I wasn’t sharing any of this. It was supposed to be a secret. My little, messy hiding spot away from the real world. I’d tell my wife I was just ‘cleaning up old files’ or ‘reading some docs.’ Lies. All lies. I was just avoiding the obvious fact that I needed to torch my job and find something real.
The Day the Wall Fell Down
It all came to a head a few months in. I’d just finished a huge deploy at my real job, and it was a total screw-up. Not my fault, honestly, but you know who gets the blame. The big boss called me in, the usual finger-wagging, and I just stood there, staring at his stupid tie, and I felt nothing. No anger, no fear. Just bone-deep exhaustion.

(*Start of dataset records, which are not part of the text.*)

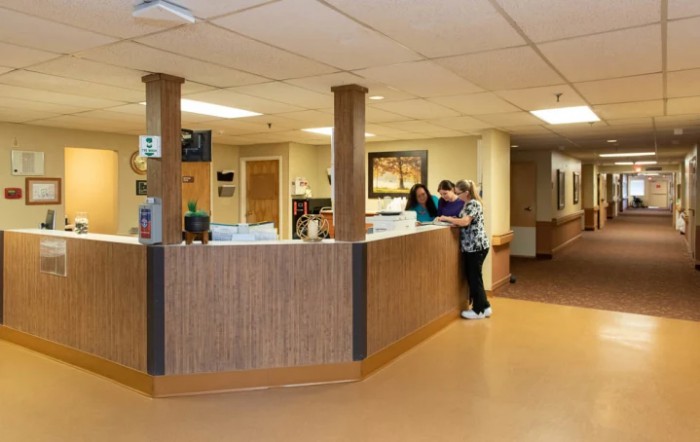 A hospital reception area with staff attending to work at the desk.
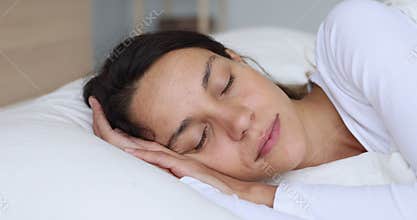 Serene calm young mixed race woman sleeping well.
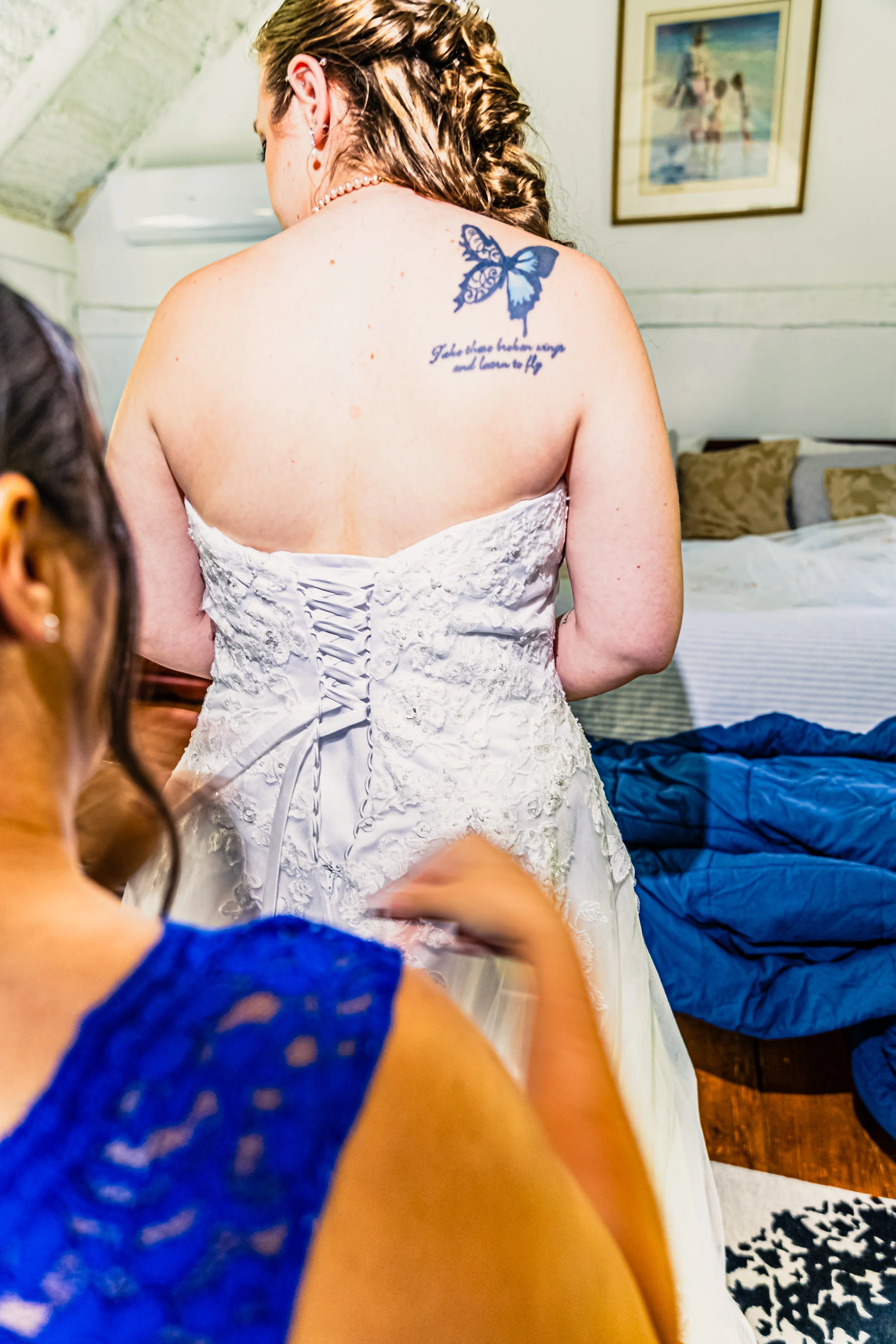 A bride in a strapless white wedding dress with lace details, getting ready for her wedding. A woman in a blue dress is helping her, and they are in a room with a bed and wall art.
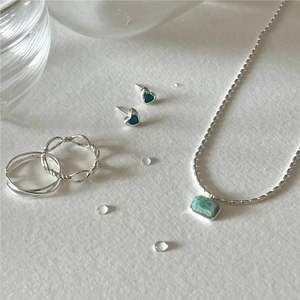 Detailed set of 925 silver jewelry with olive bead pendant and heart studs on white surface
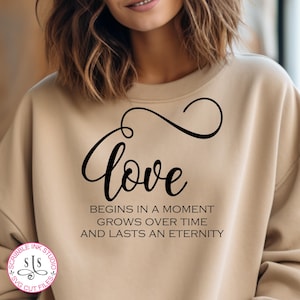 Könnte beinhalten: Ein beiger Pullover mit dem Text "love begins in a moment grows over time and lasts an eternity" in schwarzer Schrift. Das Wort "love" ist in einer kursiven Schrift.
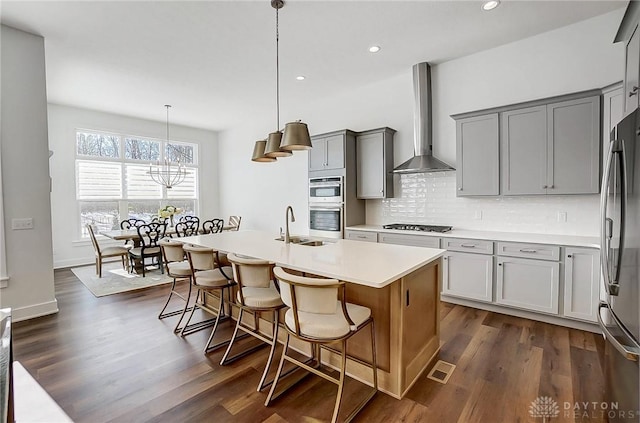 kitchen with wall chimney range hood, a kitchen island with sink, stainless steel appliances, decorative backsplash, and decorative light fixtures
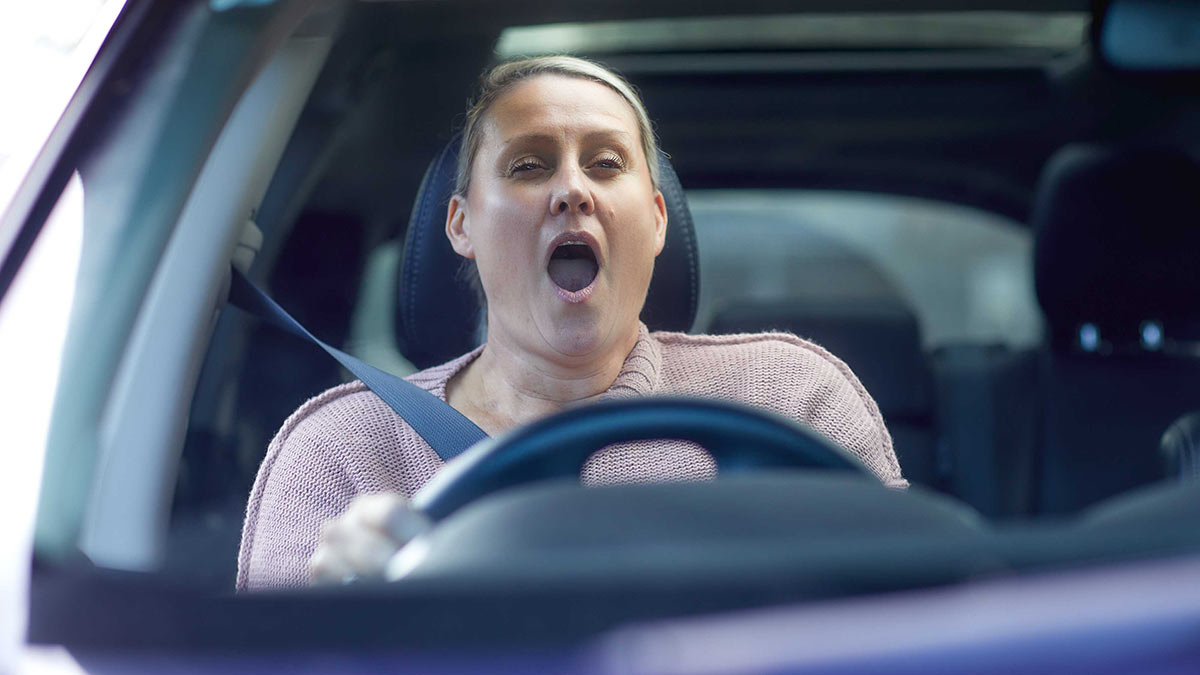 Woman yawning while driving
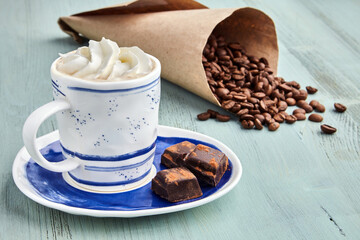 Cup of coffee with whipped cream, broken chocolate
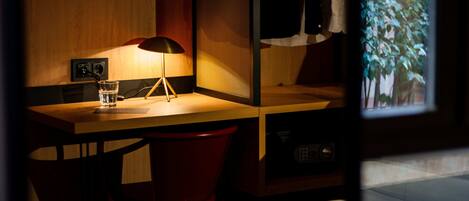 A hotel room with a wooden desk, a lamp, a glass of water, and a red bucket.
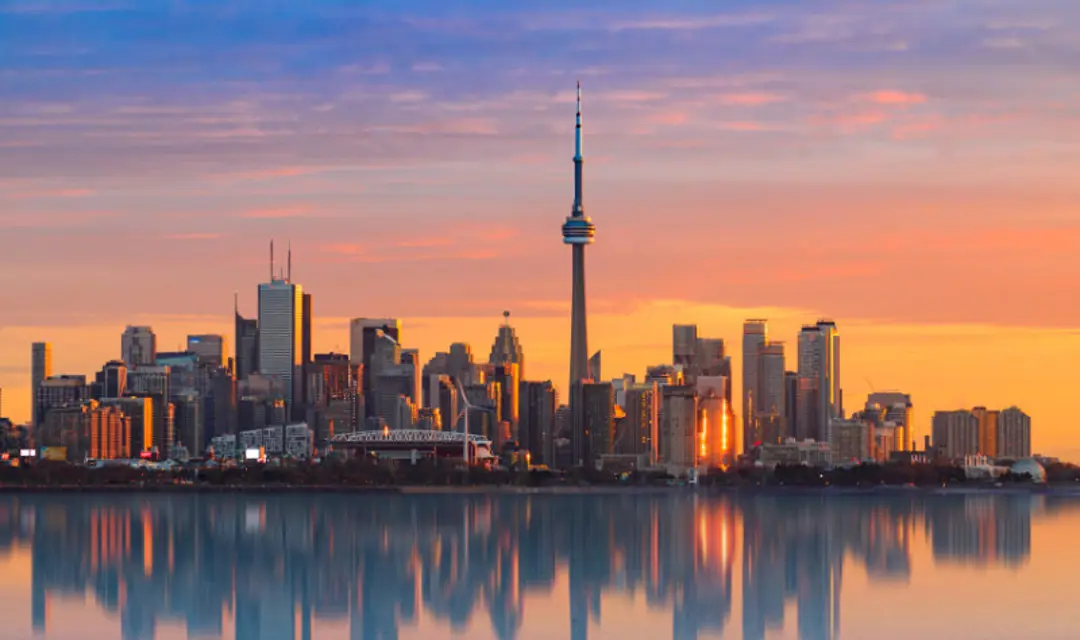 A dramatic view of Toronto's skyline at sunset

I got home that night, and instead of going to my dusty room, I just sat on the couch. I felt like a zombie. My wife came over and asked why I wasn’t coding my “files.” And I just cracked. I didn’t yell, didn’t cry. I just told her. I told her the asset tracker was total junk, and I hated it, and I didn’t need it, and I was only building it because I couldn’t stand walking into that office one more day.

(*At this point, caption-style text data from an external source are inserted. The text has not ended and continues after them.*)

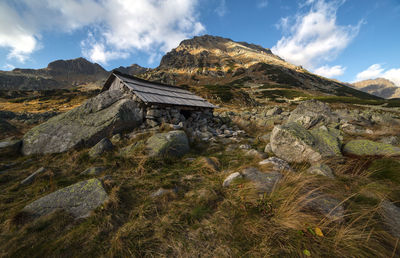 Panoramic view of rocky mountains against sky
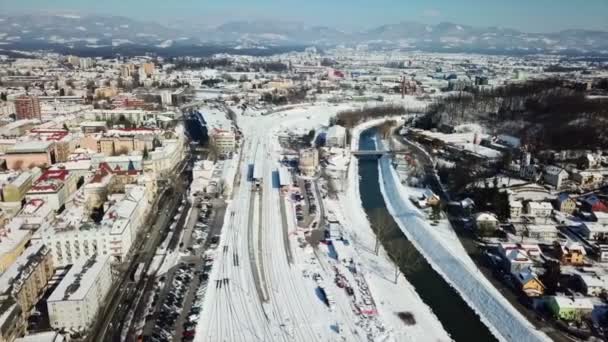 鉄道駅のある町の一部はまだ雪で覆われている 冬の時間だ航空写真 — ストック動画
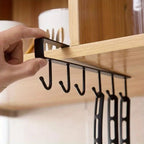 Under-cabinet 6-hook mug hanger in matte black, close-up with slide-on mounting bar
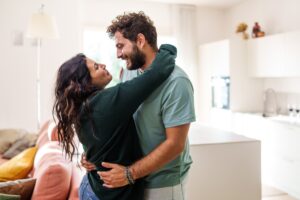 Relocation concept. A smiling cheerful multiracial couple in embraces lookin in each other eyes
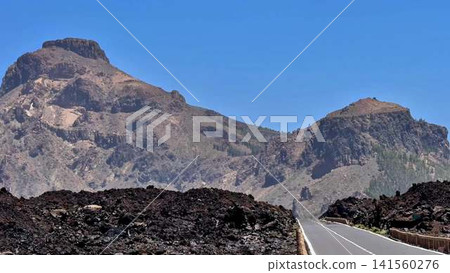 Explore the breathtaking scenic mountain road that winds through a stunning volcanic landscape Explore the breathtaking scenic mountain road that winds through a stunning volcanic landscape 141560276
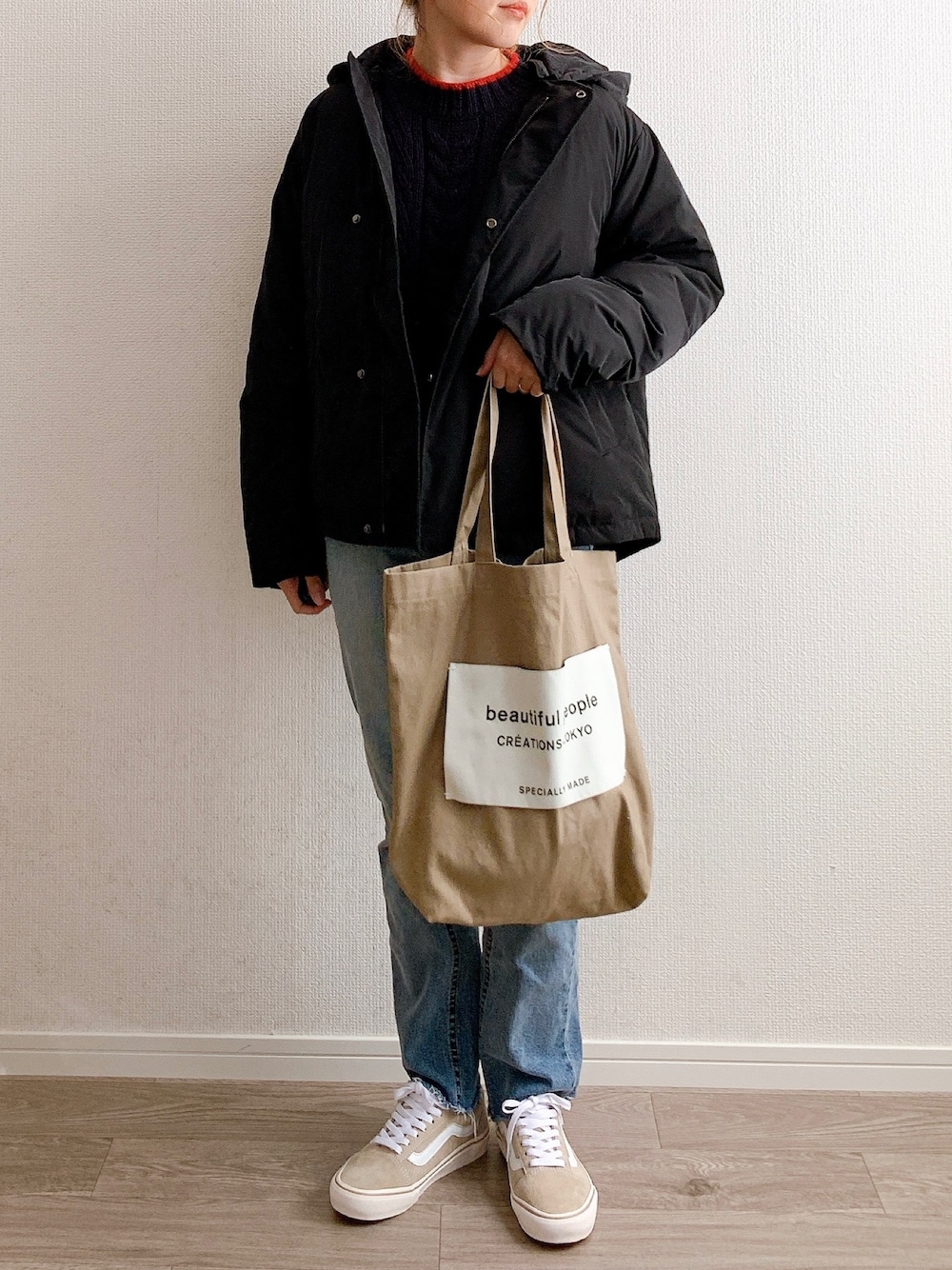 ブラック系のダウンジャケット/コート、ブルー系のニット/セーター、ベージュ系のトートバッグを着用したレディースの冬コーディネートの1枚目の写真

That was the truth I had been running from. Not that the job was bad, but that I had been too much of a coward to leave it. I was hiding from reality behind a wall of mediocre, self-assigned code. The Seven of Swords, right? Sneaking around, avoiding the fight.
Facing the Music and the Fallout
The next morning, I walked in and resigned. No two weeks. I just packed my box. I left that company, a place I’d been at for seven years, and I walked out the door with a box of old mugs and a framed picture of my dog. It was shocking how easy it was. Like pulling off a really painful bandage.

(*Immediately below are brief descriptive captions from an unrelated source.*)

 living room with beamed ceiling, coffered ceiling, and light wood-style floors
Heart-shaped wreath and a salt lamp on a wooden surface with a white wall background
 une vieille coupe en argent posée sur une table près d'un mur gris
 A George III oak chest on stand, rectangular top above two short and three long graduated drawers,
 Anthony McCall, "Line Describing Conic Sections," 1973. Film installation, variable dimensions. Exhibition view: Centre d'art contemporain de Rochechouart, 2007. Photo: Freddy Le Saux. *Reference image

I spent the next two months doing zero coding. Zero. I fixed the porch swing. I read books. I took my kid to the park. I finally started living like a human being again. I didn’t touch that stupid asset tracker project. It just sat on the hard drive.
Then, a buddy from my old college days called me up. He was starting a tiny firm, and he needed a guy who could just come in and build stuff without all the corporate nonsense. No fancy titles, no huge promises, just a solid paycheck and real work. It was a world away from the mess I left behind. I started there, doing simpler, more meaningful junk.
A year later, that old asset tracker—the one I built out of spite and avoidance? I actually needed one for the new firm. I opened the file. It was still hideous, still crude. But it was mine. I didn’t use the code, though. I started fresh, for a real reason, and I built something good this time. I finally used my time for building something useful, not just building a bunker to hide in.
And that, I guess, is how I finally faced the truth.